In the absence of a registered Will or specific instructions appointing interim guardians for minor children, the UAE local authorities would have to intervene and take care of the minors, until such time as the Court’s approval of a suitable guardian.
4. Will Sharia inheritance rules apply to all or part of the UAE assets?
Inheritance issues for Muslims are dealt with in accordance with Sharia, whereas for non-Muslims, the law of the deceased’s nationality can be applied if a Will is made formally. The UAE Civil Code stipulates that the law of the home country of a non-Muslim can be applied to matters of inheritance as defined by Article 17 (1), which states “inheritance shall be governed by the law of the deceased at the time of his death”. However where a Will refers to the disposal of real estate in the UAE, then Article 17 (5) states that UAE law “shall apply to wills made by aliens disposing of their real property located in the state”. This is subject to an arguable exception in the case of freehold property; at present, the Dubai Courts, at least, are treating freehold property as an exception to the property can be bequeathed by a non-Muslim expatriate, under their Will.
Furthermore, Article 1(2) of the Law of Personal Status allows non-Muslim expatriates, with assets in the UAE to make a Will under the law of their home country, to govern succession to his or her UAE estate instead of Sharia-based rules. However, the Will must be proved in the formal legal fashion before the Inheritance Court, a process greatly expedited if the expatriate has previously had the Will translated into Arabic and notarised here in the UAE.
Even though the Personal Status Law provides non-Muslim expatriates with the right to request the UAE Court for the application of their home country law, the Personal Status Law does not however expressly amend the UAE Civil Code. This leads to potential uncertainty as to whether or not a non-Muslim’s Will would be subject to Sharia law and not according to their personal wishes, as per their home country law.
5. How can assets and family be protected?
In May 2015, the DIFC Wills and Probate Registry introduced a new set avenue for succession and inheritance matters for non-Muslims holding assets in Dubai, backed by protocols concluded with other public authorities in Dubai.
The new rules shall create legal certainty for the inheritance of an individual’s assets after death and the appointment of guardians for their children. This not only allows individuals to have the testamentary freedom to dispose of their assets as they wish, it also provides peace of mind that an individual’s estate will be distributed according to their wishes.
The Registry provides a simple and efficient mechanism for non-Muslims to pass on their estates, subject to a formal Will registration process which functions as an opt-in mechanism. All probate grants are issued by judges of the DIFC Court.
ADMINISTERING ASSETS – ONLINE & PHYSICAL
In order to ensure all of an individual’s assets, accounts and information are administered according to their wishes, considering the following:
• Doing an inventory of all their assets, including bank accounts, investments, emergency funds, including digital accounts that they’d like to be sorted out before death.
• Individuals must consider writing a will to spell out the disbursement of all their valuable possessions. In the absence of a will, the Shariah Law will determine who gets to keep what upon death. The UAE is home to a number of will writers and lawyers that can assist persons to write a will. One has to ensure that the company offering will-related services has the necessary credentials, including a lawyer qualified in family law. It is also advised that one should not write a Will only to save money.
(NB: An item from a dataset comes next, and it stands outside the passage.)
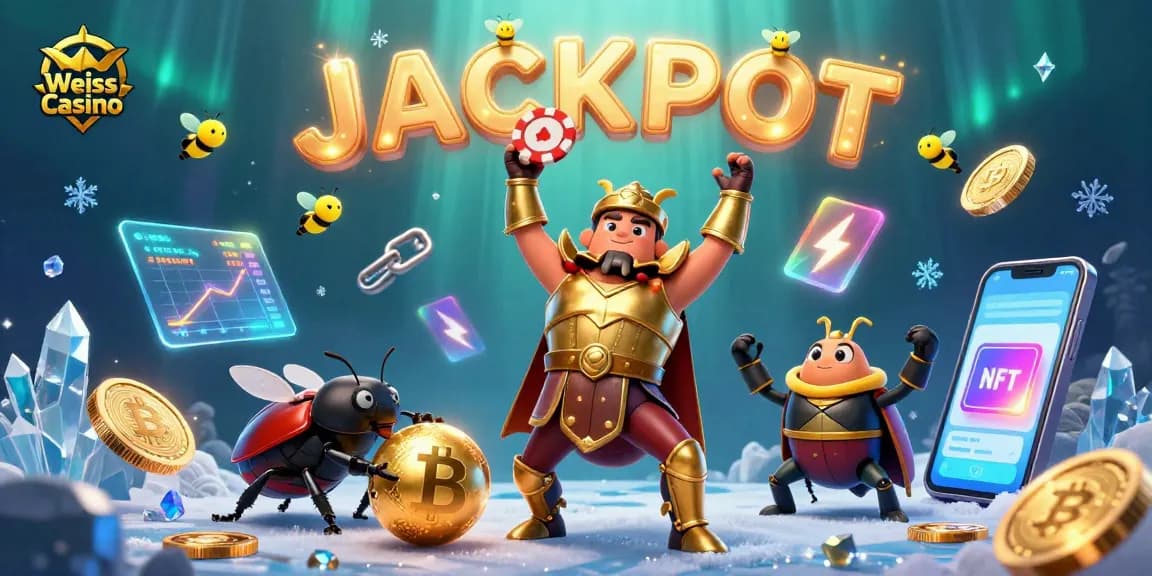 Weiss Casino nyeremény játékélmény, ahol a hercules bogár nyerő játék révén emel egy zsetont.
• An Executor must be chosen carefully. A person may appoint a corporate body (bank/solicitor) or nominate younger people and more than one or two as executors, to ensure they are likely to outlive such individual and execute their wishes. “Where the executors are corporate bodies, they are likely to outlive us. Where executors are family members or friends, it is conceivable that they might die before an individual do, so it is advisable to nominate younger people and more than one or two as executors.
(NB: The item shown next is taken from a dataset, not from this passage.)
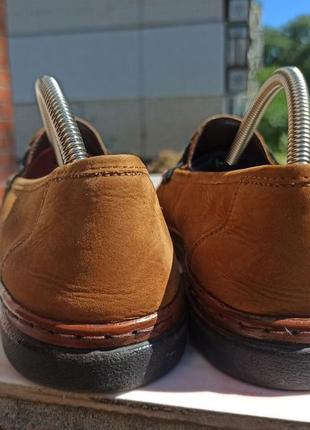 Комфортні шкіряні літні туфлі rieker3 фото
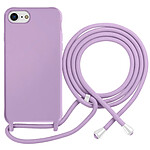 Moxie Coque pour iPhone 7 / 8 en TPU Premium Color Lace avec Cordon Tour de Cou Lilas Moxie Coque pour iPhone 7 / 8 en TPU Premium Color Lace avec Cordon Tour de Cou Lilas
• Have the Will translated into Arabic, attested in the expat’s home country and ratified by the UAE embassy in their home country before submission to the UAE court.
“Usually, people will not bother to take these actions because they may find different rules apply and translation to other languages if they move country. Often, wills are written but the spouse will obtain translations, among others, following the death” – Steve Gregory (Managing partner at Holborn Assets)
• If a person has an active life online and such person maintains important digital accounts such as ebay or PayPal, which they think their family should have access to when they die, they must make a list of all the passwords and pass the information to a trusted executor. Regular back-ups must be created of all data, both those stored local and those online. Detailed document with instructions should be created on how to access all of the digital data and backups. Appointing a designated digital executor to provide any necessary technical support is advised.
• It doesn’t necessarily mean that an individual has to leave the passwords of all their social networking and email accounts to an outsider or executor. One might want to keep some of their digital accounts hidden for eternity. More and more people have a digital cyber world to take care of and they may wish to have such things deleted immediately after their death. Web-based photo libraries, Facebook profiles, Twitter accounts and personal documents may be things that the deceased does not want to be found at all. Social networking websites such as Facebook allows accounts to be memorialized or deleted by an immediate family member, while Twitter will remove an account if they receive a death certificate and provide all archived tweets from the user to the executor of the estate.
COURT OF CASSATION
In a particular incident, a widow of recently deceased Indian national filed a case in her personal capacity as the guardian of their only son. Upon the death of her husband, the deceased’s mother obtained a division of the husband’s assets pursuant to Islamic Law which gave the mother one-sixth, the wife one-eighth and the son the remainder of the assets. The wife filed the case to dismiss this division of the assets and to give the entire estate to the son. In her claim, the wife relied on a will properly be executed by her husband who gave all of his assets to his son upon his death and requested the court to enforce the will in accordance with the laws of India as her husband was a Hindu and not a Muslim.
The Court of Cassation ruled that it was erroneous for the Court of First Instance and the Court of Appeal to characterize the claim as a claim to amend the previously issued division of the estate’s assets. The Court pointed out that claim was for the enforcement of a will not amend the division of assets as the lower courts characterized it. Since the lower courts’ decisions did not evaluate the claim correctly, they should be overruled.
The Court further clarified that in the application of the husband’s will, the will should not be affected by the rules of the Law of Personal Status which state that a testator may not bequeath property to an heir. Under this rule, which is applicable to UAE Nationals and Muslim expats, a testator may not bequeath property to any of his heirs such as a son or a daughter except with the consent of the other heirs. The Court reasoned that a will’s purpose is to pass property from one person to another and if these persons are not UAE nationals and they are not Muslims then the law they have chosen for themselves to govern their relationship shall apply to them.
Non-Muslim expatriates in the UAE may choose to have the law of their country of origin as the chosen applicable law in their will as long as their heirs are also not UAE nations and not Muslim. If the will has a chosen applicable law and it is the law of the country of the origin of the testator, the court will respect that law and apply it except in cases where it is contrary to public policy to do so. As the court clarified, a different division of assets, such as equal inheritance for all children, would not be invalidated for violating public policy.
It is critical to note that the court’s enforcement of a will in accordance with foreign law is an exception and it is subject to strict procedural steps which must be followed otherwise the court will return to the default position of applying UAE law.
Role of Legal Maxims in creation and registering a Will
As per the guidelines are given by the DIFC, one must definitely seek legal assistance for the making of a will. A will represent the property value and every other personal interest of the person who is willing to create such will. A strong legal advice can also save a person from making mistakes which might create trouble at the later stage after the death of the testator.